• [AIM OF THE EXERCISE]
Will you quote only the lines starting at the one that contains "Studio Inn &" and ending with the last line of the listing below, inclusive?

• [INPUT MATERIAL]
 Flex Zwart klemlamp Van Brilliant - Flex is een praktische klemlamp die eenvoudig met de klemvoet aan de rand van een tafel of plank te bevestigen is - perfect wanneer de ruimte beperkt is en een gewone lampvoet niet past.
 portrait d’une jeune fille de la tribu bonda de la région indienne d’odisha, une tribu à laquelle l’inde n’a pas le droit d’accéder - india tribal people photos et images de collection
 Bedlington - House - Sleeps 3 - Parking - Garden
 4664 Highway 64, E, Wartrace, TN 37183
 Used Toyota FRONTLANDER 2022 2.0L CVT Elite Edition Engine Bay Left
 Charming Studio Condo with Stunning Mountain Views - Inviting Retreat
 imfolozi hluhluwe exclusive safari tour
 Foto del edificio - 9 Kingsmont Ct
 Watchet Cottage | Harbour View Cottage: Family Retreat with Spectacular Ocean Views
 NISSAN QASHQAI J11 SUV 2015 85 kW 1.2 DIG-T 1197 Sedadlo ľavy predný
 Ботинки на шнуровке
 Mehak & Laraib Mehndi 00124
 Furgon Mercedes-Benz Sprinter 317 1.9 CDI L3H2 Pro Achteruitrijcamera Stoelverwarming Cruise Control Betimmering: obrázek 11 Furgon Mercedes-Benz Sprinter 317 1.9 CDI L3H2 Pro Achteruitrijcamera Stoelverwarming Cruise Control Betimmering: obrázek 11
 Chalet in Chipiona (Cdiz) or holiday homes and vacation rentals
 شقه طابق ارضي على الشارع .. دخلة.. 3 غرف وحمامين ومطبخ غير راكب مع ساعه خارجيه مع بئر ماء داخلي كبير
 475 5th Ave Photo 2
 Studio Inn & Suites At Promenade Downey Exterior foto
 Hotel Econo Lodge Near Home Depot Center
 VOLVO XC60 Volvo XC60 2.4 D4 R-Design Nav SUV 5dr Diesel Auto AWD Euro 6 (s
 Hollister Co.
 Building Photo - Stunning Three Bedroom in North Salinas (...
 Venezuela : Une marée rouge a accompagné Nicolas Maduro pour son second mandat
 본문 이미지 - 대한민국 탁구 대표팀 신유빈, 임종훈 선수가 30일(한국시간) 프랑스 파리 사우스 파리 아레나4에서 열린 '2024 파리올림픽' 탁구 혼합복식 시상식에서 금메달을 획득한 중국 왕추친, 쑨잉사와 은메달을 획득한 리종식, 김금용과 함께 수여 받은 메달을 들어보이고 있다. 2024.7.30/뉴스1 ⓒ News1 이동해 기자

• [SOLVED EXERCISE]
 Studio Inn & Suites At Promenade Downey Exterior foto
 Hotel Econo Lodge Near Home Depot Center
 VOLVO XC60 Volvo XC60 2.4 D4 R-Design Nav SUV 5dr Diesel Auto AWD Euro 6 (s
 Hollister Co.
 Building Photo - Stunning Three Bedroom in North Salinas (...
 Venezuela : Une marée rouge a accompagné Nicolas Maduro pour son second mandat
 본문 이미지 - 대한민국 탁구 대표팀 신유빈, 임종훈 선수가 30일(한국시간) 프랑스 파리 사우스 파리 아레나4에서 열린 '2024 파리올림픽' 탁구 혼합복식 시상식에서 금메달을 획득한 중국 왕추친, 쑨잉사와 은메달을 획득한 리종식, 김금용과 함께 수여 받은 메달을 들어보이고 있다. 2024.7.30/뉴스1 ⓒ News1 이동해 기자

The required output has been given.